Prompt:
The first line of the entries through the line bearing "Forum Rektor Indonesia": copy these lines exactly and return nothing else.

Records to process:
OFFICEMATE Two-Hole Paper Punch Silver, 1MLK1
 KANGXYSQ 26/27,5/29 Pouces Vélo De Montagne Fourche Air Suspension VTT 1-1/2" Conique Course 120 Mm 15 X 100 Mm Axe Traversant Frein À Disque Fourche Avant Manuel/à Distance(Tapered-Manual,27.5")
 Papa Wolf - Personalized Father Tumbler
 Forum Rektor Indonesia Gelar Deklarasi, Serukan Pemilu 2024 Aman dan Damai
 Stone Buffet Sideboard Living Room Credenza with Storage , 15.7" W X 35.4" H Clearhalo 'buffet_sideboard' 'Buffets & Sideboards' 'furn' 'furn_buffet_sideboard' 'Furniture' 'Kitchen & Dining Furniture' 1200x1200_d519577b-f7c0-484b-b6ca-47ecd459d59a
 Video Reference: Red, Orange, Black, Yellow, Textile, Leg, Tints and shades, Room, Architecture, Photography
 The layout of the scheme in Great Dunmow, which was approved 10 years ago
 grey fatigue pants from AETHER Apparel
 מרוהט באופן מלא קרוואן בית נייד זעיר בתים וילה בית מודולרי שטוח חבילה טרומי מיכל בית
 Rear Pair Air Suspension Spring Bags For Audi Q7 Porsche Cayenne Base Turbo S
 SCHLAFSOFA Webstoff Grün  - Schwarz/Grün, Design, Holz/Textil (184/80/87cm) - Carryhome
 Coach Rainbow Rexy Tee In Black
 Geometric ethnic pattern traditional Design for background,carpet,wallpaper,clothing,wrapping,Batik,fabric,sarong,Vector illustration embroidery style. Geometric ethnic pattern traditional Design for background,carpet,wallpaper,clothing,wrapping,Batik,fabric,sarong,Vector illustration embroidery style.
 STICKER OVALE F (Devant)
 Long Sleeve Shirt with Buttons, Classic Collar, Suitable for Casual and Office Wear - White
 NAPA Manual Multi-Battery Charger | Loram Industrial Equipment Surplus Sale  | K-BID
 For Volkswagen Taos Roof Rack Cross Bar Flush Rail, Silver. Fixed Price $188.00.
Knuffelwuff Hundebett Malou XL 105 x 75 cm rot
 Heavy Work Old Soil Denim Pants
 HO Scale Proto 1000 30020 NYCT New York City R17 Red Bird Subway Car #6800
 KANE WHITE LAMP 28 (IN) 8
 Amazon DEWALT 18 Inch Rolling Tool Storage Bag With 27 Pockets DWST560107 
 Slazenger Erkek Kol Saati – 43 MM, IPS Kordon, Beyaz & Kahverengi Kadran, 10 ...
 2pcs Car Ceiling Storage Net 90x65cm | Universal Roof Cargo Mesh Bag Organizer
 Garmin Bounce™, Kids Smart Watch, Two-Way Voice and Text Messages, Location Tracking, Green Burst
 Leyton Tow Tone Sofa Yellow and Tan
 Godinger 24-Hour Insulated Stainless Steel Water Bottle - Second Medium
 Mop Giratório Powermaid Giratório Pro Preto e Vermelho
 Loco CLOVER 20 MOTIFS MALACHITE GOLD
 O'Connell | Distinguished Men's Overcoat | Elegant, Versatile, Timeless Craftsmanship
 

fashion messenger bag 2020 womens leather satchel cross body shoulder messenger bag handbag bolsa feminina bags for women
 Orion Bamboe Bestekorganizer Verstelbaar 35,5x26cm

Answer box:
OFFICEMATE Two-Hole Paper Punch Silver, 1MLK1
 KANGXYSQ 26/27,5/29 Pouces Vélo De Montagne Fourche Air Suspension VTT 1-1/2" Conique Course 120 Mm 15 X 100 Mm Axe Traversant Frein À Disque Fourche Avant Manuel/à Distance(Tapered-Manual,27.5")
 Papa Wolf - Personalized Father Tumbler
 Forum Rektor Indonesia Gelar Deklarasi, Serukan Pemilu 2024 Aman dan Damai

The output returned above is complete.